Re: [pygame] Python - Pygame - PyOpenGL performance

Would writing a replacement for PyOpenGL in C instead of in Python
with ctypes help? I think it really would ... PyOpenGL is internally
pretty complex, sometimes when I get tracebacks the error is 5 or 6
levels into PyOpenGL. Even a C library that only implemented the
common functions and relied on PyOpenGL for the constants and
functions that do complex things like handling strings would probably
help a lot.

On Fri, Feb 27, 2009 at 11:19 AM, Peter Gebauer
<peter.gebauer@xxxxxxxxxxxxxxxxxxxxx> wrote:
> Hi!
> I've done a few sprite thingies in OpenGL here are some pointers:
> Afaik display lists and VBO's can't bind different textures (?)
> per list/array. You can't animate lists by changing texcoords
> independently per element, so no go. VBO's have texture coords,
> but only one texture. Again, I'm no expert, might be wrong.
> With the quad aproach you should try
> to make the number of calls as few as possible. If you get
> rid of the push and translate for each sprite you'll get some
> extra speed. Try positioning each quads directly. The downside
> with sharing matrix over all sprites is the obvious lack of
> using OpenGL transformations, but some vector math aplied to
> the quads has been faster for me than having one transformed
> matrix per quad.
> Since I haven't been able to animate a list/vbo with independent
> textures and texture coords for each element/buffer object I've only
> used it for backdrops. The speed increase is tremendous.
> I also partition the elements so only one list/vbo is displayed per
> visible section, if you're screen display is smaller than the
> entire scene, this helps even more.
> If you put all your sprites and their animation frames into one
> big texture you could use VBO's, but I've never had the tenacity
> to try that aproach.
> Another way to increase speed is to write an opengl rendering engine
> in C and call and make it available as a Python extension. This is
> a major speed boost, in particular for a large number of iterations.

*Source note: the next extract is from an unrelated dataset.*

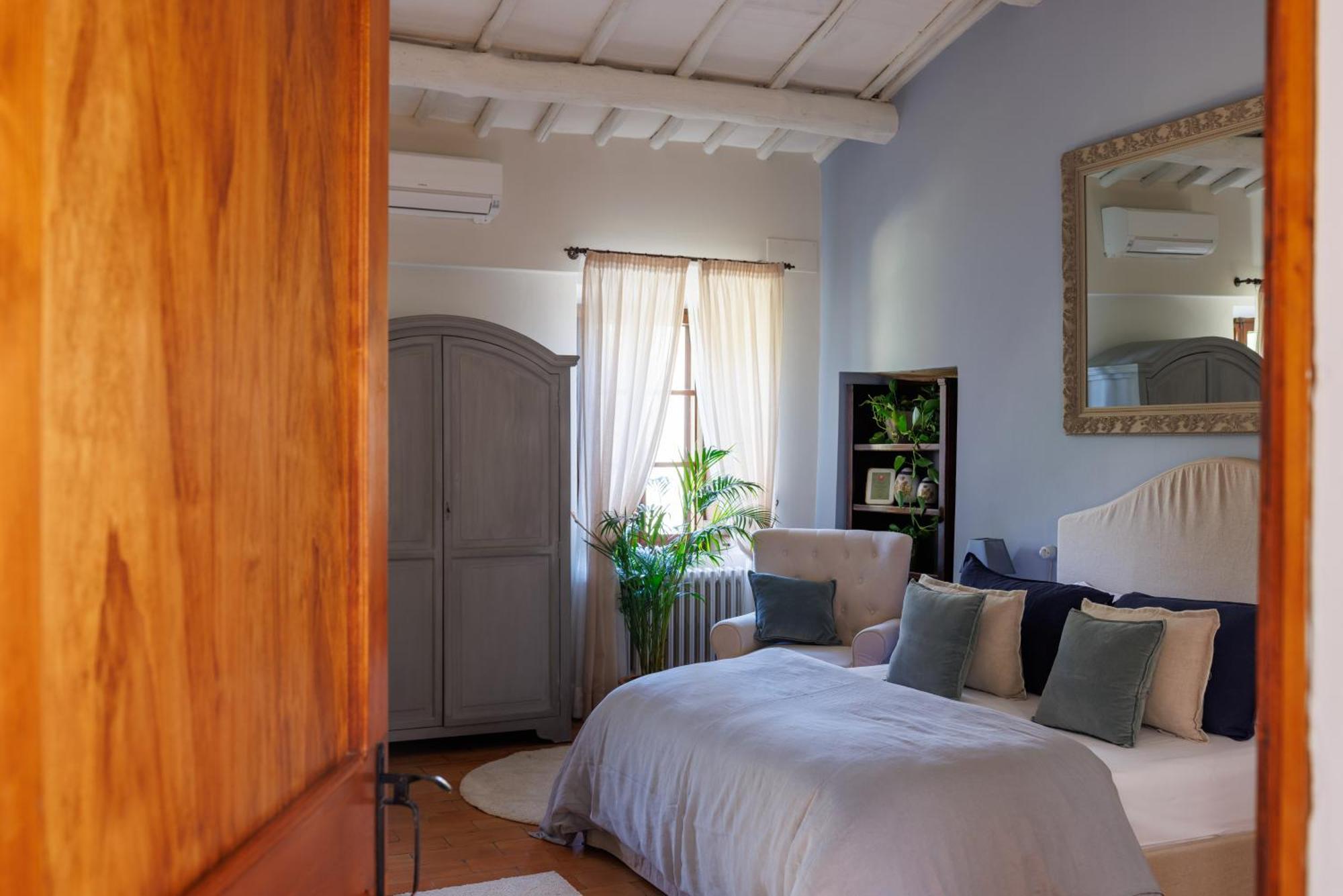 Antichi Casali Di Charme Hotel Орвието Екстериор снимка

> Iirc PyOpenGL bindings are generated, many times this is suboptimal
> code for what you're trying to do, writing the Python extension in C
> manually have been faster for me many times. This is indeed true
> if you put your iterations inside a C loop instead of calling the
> C function from Python many times.
> In any case, still waiting for that OO 2D game engine with tons of
> OpenGL features and effects, including simple things like frame animation,
> LERP-like features and a simple 2D scenegraph. No luck yet, all attempts
> I've tried so far lack at least one "must have" feature. :)
> /Peter
> On 2009-02-26 (Thu) 11:29, Casey Duncan wrote:
>> Immediate mode calls (glVertex et al) are the very slowest way to use
>> OpenGL. In fact they are deprecated in OpenGL 3.0 and will eventually be
>> removed.
>> The display list is better as you discovered, but you still are making a
>> few OpenGL state changes per sprite, which is likely slowing you down.

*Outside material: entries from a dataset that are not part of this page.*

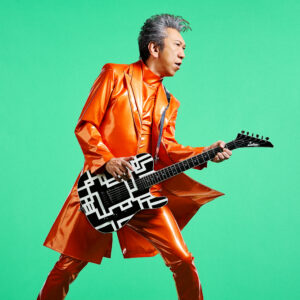 “GUITARHYTHM Ⅷ TOUR”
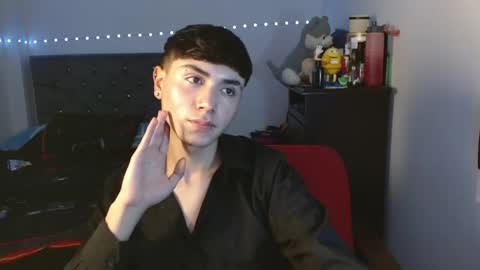 im_juanda online show from 12.19.24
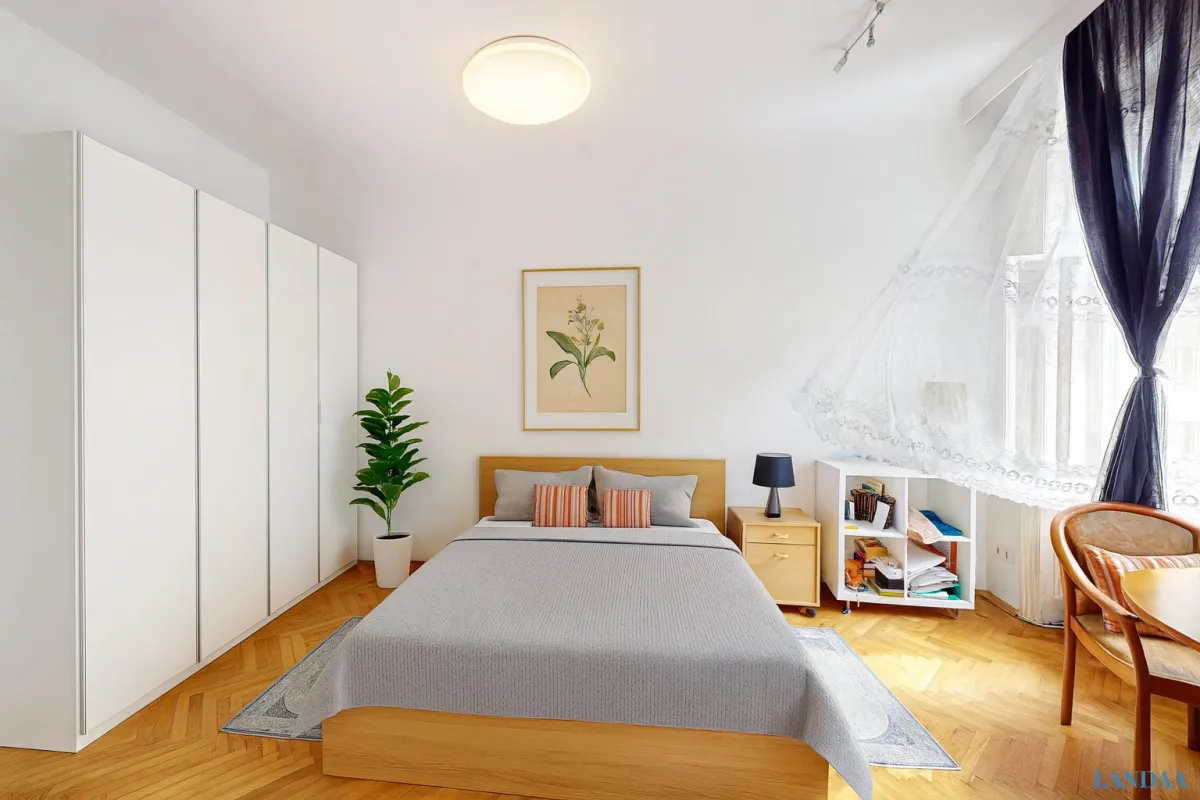 ++ NEU ++ charmante 1 Zimmer Wohnung!  Anlegerhit in 1150 Wien – Rendite mit Zukunft - Bild 1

>> Also there is some overhead for the display list call, which makes them
>> sub-optimal for just drawing a single quad.
>>>        glPushMatrix()
>>>        glTranslate(self.positionx,self.positiony,0)
>>>        glCallList(self.displist)
>>>        glPopMatrix()
>> You really need to batch the quads up into a few vertex arrays or vbos
>> to stream them to the card in one go. pyglet has a high-level python
>> sprite api that automates this for you fwiw.
>> -Casey
>> On Feb 26, 2009, at 11:04 AM, Zack Schilling wrote:
>>> I know the PyOpenGL mailing list might be a better place to ask this
>>> question, but I've had a lot of luck talking to the experienced people
>>> here so I figured I'd try it first.
>>> I'm trying to migrate a game I created from using the Pygame / SDL
>>> software rendering to OpenGL. Before attempting the massive and
>>> complex conversion involved with moving the whole game, I decided to
>>> make a little test program while I learned OpenGL.
>>> In this test, I set up OpenGL to work in 2D and began loading images
>>> into texture objects and drawing textured quads as sprites. I created a
>>> little glSprite class to handle the drawing and translation. At first
>>> its draw routine looked like this:
>>>        glPushMatrix()
>>>        glTranslate(self.positionx,self.positiony,0)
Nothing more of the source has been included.